• _EXERCISE OBJECTIVE_: A verbatim transcript of the lines below, starting at the first and ending with the one that holds "To tie the midshipman's", is what should be produced.

• _THE DATA_:
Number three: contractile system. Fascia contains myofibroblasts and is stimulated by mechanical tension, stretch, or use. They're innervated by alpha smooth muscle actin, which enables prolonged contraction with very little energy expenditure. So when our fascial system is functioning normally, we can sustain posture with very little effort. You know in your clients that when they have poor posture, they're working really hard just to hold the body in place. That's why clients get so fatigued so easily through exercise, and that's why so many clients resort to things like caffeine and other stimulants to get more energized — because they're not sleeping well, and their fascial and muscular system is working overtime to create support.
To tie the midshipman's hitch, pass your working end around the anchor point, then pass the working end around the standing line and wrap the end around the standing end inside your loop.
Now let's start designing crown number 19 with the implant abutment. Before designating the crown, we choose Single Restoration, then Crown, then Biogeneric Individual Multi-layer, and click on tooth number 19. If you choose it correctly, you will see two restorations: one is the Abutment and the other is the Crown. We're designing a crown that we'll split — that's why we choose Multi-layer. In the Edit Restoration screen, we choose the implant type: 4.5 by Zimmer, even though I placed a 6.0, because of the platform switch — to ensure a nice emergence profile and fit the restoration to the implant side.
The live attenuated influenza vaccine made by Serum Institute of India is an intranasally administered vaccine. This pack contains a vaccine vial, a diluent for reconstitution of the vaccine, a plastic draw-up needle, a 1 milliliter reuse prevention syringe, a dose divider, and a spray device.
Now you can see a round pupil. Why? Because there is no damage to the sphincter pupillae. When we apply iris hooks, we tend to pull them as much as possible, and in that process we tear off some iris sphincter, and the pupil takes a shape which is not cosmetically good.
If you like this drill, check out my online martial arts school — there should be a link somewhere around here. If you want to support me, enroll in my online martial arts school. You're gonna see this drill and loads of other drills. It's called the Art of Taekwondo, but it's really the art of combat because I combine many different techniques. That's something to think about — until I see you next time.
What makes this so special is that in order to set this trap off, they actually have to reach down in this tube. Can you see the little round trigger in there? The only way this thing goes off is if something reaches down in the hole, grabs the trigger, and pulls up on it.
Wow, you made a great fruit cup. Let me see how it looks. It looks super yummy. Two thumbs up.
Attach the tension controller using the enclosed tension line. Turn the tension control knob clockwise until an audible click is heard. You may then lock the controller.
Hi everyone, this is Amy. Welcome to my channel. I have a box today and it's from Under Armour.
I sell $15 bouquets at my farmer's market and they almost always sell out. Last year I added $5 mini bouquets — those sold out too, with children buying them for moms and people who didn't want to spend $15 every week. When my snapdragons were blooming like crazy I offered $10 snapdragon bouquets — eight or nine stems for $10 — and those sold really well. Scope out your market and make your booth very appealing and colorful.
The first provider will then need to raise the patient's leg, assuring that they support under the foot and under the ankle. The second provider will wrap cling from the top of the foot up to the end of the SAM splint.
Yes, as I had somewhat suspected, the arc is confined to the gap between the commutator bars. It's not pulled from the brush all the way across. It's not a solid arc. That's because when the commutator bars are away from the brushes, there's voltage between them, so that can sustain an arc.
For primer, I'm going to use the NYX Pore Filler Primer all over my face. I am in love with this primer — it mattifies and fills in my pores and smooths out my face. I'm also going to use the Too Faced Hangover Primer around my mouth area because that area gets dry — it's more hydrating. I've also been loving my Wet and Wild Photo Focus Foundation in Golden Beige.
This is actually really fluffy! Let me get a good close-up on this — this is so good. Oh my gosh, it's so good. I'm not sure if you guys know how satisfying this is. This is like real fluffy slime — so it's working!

• _COMPLETED TASK_:
Number three: contractile system. Fascia contains myofibroblasts and is stimulated by mechanical tension, stretch, or use. They're innervated by alpha smooth muscle actin, which enables prolonged contraction with very little energy expenditure. So when our fascial system is functioning normally, we can sustain posture with very little effort. You know in your clients that when they have poor posture, they're working really hard just to hold the body in place. That's why clients get so fatigued so easily through exercise, and that's why so many clients resort to things like caffeine and other stimulants to get more energized — because they're not sleeping well, and their fascial and muscular system is working overtime to create support.
To tie the midshipman's hitch, pass your working end around the anchor point, then pass the working end around the standing line and wrap the end around the standing end inside your loop.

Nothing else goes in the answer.